There's no point in doing increasing amounts of work without measuring the results. Why would you spin your wheels without figuring out a way to analyze what’s working and what’s not? If you analyze your own time, you might find that about 30% of what you do really matters, 30% might matter, and 30% is completely worthless. The key is finding out which of your efforts are producing big results. One quantifiable way to do that is with spreadsheets.

Steps

  1. Decide what you're going to track. You can probably capture 90% of the bare necessities if you track just these things:
    • What categories you spend money on (and how much)
    • How many calories you eat
    • How often you work out
  2. Pick a place to track your progress. For money, you can use any personal-finance software (Mint, Quicken, or Excel). For anything else, another option is to create a free password-protected PBwiki. You’ll be able to type in your progress from anywhere you have Internet access.
    • Use public commitment to maximize your chances of success. Let's say you bet your friends $225 that you can gain 15lbs in 3 months, you can invite them all to a wiki and update it every week. This can be incredibly motivational to you: The money is nice, but you won't want to publicly lose after posting your progress for all those weeks.
  3. Pick one thing to track and do it for four weeks.
  4. Use the "Think, Want, Do" technique. Let’s use monthly spending as an example.
    • First, write down what you think you spend.
    • Second, write down what you want to spend.
    • Third, write down what you actually spend. (This is where you track it and add it daily.)
    • Compare the “actual” chart to the other charts. The numbers may stun you.

Tips

  • The most important thing is to start tracking today. The point isn’t to set up the fanciest tracking system.
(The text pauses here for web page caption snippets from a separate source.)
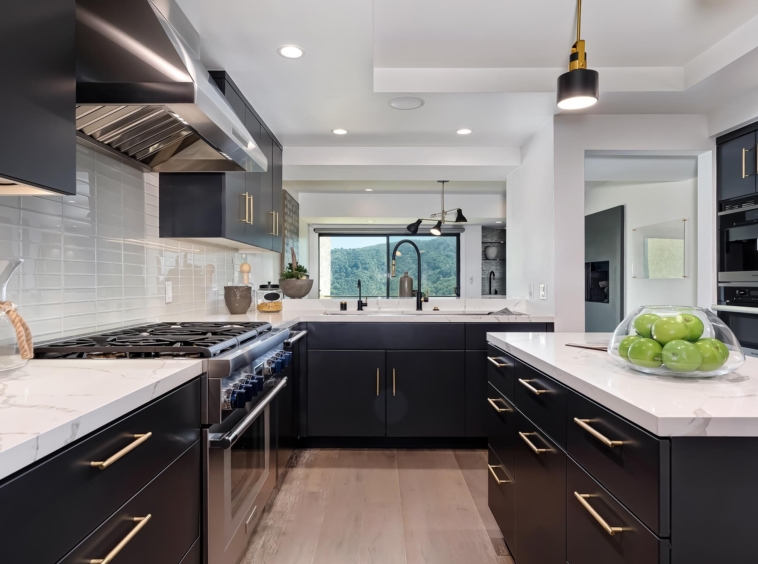 modern kitchen with white marble countertops, stainless and black appliances and black cabinets
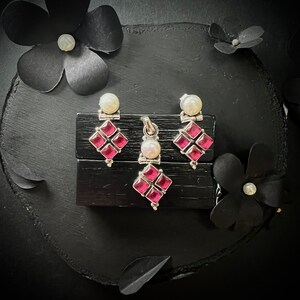 May include: A set of silver earrings and a pendant featuring a square design with four pink gemstones and a pearl accent.
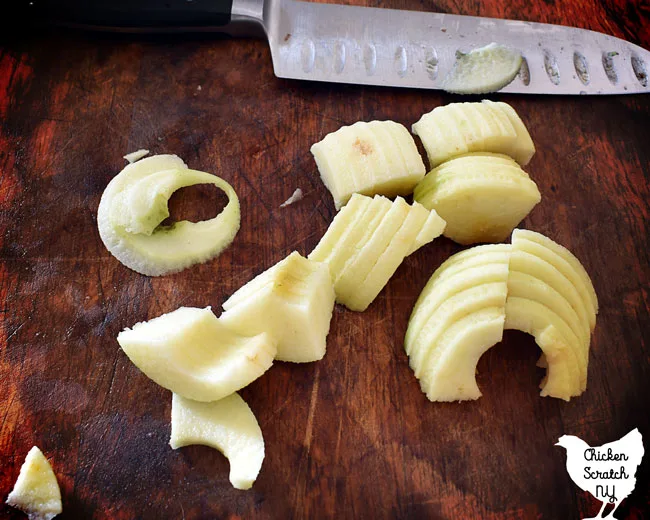 cut apples on a cutting board with a large kitchen knife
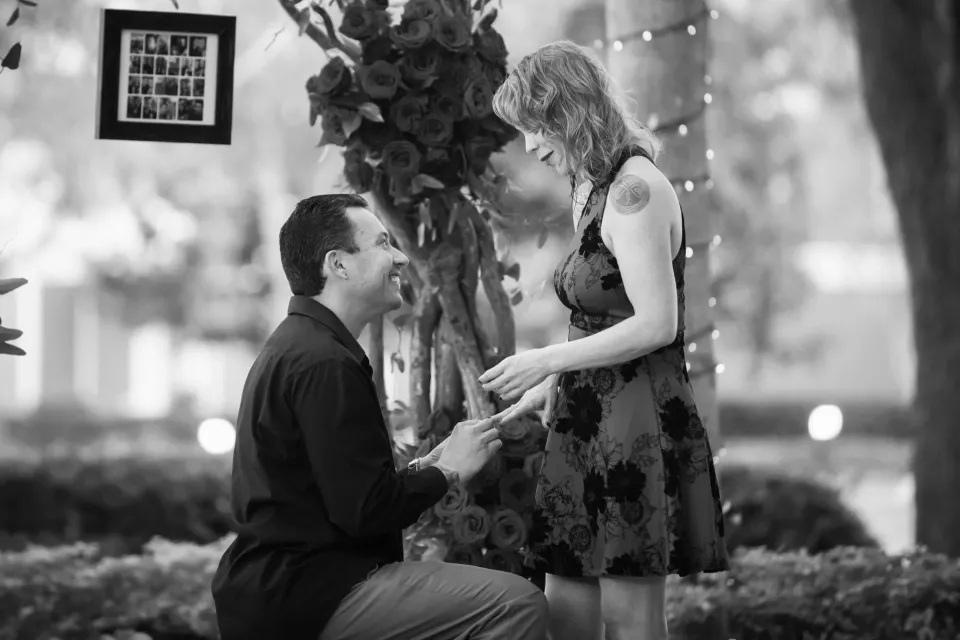 Black and white: he kneels and takes her hand beneath a rose-covered arch strung with fairy lights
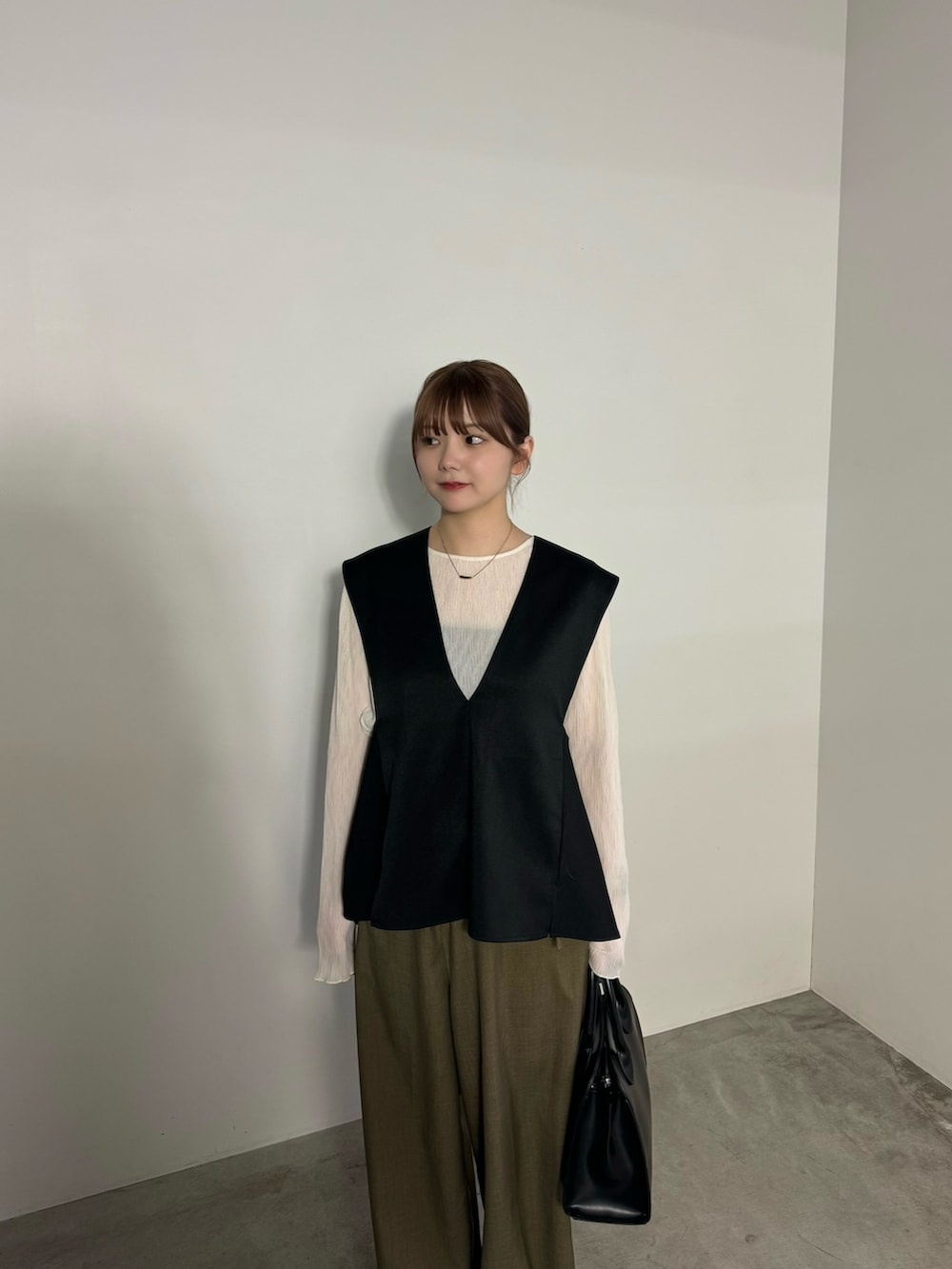 ブラック系のベスト、ブラウン系のスラックス、ホワイト系のTシャツ/カットソーを着用したレディースの冬コーディネートの4枚目の写真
It’s to learn from the results and change your behavior. Aim for the most lightweight system you can create. Forget being perfect. Just get started today.
  • Don’t worry about making the data structured so you can sort/analyze it. After a month of data, you can have a virtual admin go through it and analyze it, if you really need to. It might cost you about $20 to have it professionally restructured and analyzed.